INPUT MATERIAL:
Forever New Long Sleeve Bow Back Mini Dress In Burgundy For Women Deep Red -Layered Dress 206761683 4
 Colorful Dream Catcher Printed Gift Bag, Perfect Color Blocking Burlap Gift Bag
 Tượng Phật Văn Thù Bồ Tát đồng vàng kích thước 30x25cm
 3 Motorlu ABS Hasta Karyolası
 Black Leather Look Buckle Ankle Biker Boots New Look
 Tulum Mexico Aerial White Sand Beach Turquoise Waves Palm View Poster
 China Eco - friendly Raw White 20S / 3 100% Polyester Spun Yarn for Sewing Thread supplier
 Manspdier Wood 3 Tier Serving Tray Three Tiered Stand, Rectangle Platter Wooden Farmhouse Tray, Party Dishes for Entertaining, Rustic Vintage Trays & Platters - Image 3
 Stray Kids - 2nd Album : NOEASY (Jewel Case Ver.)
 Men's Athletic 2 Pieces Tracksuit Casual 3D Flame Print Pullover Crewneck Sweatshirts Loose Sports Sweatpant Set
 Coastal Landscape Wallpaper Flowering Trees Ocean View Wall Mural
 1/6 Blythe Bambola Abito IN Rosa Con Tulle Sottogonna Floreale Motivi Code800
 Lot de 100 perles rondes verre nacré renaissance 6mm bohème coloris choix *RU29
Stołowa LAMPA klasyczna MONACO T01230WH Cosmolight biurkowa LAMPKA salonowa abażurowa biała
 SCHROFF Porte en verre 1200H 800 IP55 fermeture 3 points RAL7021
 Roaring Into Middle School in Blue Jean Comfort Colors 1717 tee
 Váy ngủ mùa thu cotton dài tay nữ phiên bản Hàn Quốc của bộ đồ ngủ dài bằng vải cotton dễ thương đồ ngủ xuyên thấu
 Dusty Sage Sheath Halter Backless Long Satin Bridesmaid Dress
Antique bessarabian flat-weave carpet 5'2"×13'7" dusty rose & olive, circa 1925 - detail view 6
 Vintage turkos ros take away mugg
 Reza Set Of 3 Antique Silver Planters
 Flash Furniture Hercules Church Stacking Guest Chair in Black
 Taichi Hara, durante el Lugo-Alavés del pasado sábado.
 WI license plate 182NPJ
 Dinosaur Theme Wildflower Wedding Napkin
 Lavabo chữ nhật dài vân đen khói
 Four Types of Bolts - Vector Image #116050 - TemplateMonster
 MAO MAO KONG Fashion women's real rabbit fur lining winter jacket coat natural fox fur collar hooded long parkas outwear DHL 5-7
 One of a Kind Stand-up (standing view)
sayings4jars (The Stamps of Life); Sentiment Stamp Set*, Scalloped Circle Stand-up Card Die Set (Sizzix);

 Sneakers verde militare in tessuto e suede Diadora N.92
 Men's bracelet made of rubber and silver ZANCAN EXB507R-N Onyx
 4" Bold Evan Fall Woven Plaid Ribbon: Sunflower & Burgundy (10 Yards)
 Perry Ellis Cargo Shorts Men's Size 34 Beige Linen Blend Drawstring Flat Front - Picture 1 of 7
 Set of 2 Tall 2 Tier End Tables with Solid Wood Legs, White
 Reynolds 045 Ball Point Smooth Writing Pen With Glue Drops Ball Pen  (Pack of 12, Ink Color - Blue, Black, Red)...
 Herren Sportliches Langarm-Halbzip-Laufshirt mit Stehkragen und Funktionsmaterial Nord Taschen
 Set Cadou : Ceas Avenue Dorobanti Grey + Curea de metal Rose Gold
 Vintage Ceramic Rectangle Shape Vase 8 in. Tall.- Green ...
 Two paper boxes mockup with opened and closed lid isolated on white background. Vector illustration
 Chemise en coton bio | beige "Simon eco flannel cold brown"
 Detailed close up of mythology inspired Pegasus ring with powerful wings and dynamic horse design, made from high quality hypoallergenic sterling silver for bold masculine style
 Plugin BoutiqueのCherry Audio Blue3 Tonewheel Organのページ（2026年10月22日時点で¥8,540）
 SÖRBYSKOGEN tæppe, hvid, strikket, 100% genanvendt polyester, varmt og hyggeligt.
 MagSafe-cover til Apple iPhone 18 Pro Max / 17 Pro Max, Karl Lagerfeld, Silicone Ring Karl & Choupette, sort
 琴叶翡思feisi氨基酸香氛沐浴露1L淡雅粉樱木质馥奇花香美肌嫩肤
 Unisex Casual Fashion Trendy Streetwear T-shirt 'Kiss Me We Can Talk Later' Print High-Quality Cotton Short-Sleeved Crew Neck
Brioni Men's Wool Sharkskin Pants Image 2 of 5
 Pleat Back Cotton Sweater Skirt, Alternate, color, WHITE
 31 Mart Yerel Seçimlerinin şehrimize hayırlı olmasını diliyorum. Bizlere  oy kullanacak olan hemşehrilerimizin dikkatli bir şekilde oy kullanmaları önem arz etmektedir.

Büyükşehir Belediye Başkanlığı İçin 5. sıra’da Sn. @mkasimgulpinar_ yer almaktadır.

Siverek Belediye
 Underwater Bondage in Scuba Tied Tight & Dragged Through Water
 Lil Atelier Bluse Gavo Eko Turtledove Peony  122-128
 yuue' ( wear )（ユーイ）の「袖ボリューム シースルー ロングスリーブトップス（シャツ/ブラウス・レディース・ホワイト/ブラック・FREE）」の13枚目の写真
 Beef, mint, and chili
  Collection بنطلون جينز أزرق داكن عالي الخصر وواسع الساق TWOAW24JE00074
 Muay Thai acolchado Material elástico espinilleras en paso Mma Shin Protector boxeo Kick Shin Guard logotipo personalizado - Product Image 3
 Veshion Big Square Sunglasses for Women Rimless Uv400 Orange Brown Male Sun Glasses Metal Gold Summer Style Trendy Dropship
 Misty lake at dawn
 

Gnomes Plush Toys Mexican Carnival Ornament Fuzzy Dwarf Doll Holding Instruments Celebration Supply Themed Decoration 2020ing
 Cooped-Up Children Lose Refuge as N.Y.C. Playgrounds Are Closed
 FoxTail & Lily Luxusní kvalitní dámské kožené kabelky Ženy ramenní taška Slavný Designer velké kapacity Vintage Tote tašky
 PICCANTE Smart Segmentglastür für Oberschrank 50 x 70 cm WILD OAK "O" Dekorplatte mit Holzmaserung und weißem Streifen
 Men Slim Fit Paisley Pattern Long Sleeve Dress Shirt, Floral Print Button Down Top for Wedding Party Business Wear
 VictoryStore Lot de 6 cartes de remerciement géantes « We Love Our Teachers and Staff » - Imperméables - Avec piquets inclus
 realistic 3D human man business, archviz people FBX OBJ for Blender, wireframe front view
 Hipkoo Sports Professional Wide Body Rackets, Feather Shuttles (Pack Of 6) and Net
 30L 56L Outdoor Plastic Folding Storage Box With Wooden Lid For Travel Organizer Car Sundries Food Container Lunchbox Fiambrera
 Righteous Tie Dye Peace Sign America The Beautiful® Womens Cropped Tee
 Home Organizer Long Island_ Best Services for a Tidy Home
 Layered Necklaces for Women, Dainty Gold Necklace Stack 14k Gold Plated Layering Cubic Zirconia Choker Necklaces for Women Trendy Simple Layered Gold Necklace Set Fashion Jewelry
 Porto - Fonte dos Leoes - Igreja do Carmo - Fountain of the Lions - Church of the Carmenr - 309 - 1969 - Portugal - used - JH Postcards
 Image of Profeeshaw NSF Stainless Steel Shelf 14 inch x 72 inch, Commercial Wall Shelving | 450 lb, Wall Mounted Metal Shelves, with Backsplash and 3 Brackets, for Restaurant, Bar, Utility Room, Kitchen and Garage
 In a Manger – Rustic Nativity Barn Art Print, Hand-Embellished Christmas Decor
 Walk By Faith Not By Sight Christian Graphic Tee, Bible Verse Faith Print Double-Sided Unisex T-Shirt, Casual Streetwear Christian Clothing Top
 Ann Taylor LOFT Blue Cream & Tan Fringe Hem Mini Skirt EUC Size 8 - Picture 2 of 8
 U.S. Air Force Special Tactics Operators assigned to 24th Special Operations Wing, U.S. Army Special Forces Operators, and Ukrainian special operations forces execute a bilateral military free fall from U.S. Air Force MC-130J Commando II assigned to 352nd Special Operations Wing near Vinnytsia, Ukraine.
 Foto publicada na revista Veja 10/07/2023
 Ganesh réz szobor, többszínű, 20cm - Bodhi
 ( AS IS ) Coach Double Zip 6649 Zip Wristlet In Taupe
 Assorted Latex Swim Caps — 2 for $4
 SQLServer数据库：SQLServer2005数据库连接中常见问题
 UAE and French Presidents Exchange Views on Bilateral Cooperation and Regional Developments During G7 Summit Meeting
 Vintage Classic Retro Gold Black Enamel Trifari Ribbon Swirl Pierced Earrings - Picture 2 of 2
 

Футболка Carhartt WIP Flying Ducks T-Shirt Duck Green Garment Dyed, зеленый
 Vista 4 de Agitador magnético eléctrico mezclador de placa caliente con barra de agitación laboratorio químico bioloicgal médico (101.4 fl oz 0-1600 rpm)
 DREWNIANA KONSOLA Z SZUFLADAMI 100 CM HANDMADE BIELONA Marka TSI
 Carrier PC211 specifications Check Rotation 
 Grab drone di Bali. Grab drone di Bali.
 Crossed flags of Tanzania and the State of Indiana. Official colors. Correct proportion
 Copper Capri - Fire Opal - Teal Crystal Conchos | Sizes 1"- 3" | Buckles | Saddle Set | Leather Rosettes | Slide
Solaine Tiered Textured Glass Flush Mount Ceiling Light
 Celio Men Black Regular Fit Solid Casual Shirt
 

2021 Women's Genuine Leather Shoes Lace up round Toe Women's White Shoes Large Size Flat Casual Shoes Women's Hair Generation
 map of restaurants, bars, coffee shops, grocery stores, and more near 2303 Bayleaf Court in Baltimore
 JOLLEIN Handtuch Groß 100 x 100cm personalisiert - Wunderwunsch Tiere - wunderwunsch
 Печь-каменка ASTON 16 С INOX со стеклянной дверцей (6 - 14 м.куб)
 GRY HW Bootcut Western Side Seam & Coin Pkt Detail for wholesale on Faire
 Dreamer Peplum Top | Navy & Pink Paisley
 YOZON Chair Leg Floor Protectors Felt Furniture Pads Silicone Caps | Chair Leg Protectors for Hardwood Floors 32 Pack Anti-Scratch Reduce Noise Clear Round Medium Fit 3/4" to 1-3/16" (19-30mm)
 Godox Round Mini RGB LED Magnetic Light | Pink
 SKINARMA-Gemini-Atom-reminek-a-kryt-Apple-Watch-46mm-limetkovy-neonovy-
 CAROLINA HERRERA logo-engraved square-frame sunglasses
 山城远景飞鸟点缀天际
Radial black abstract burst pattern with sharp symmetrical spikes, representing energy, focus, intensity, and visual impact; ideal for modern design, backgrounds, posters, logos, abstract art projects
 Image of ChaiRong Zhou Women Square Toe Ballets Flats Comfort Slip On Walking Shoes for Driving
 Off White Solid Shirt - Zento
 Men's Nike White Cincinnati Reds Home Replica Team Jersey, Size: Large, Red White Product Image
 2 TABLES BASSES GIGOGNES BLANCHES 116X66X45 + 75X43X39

TASK DIRECTIONS:
The required result is an exact repetition of the lines from the one containing "Off White Solid Shirt - Zento" through the last line of the data.

TASK ANSWER:
 Off White Solid Shirt - Zento
 Men's Nike White Cincinnati Reds Home Replica Team Jersey, Size: Large, Red White Product Image
 2 TABLES BASSES GIGOGNES BLANCHES 116X66X45 + 75X43X39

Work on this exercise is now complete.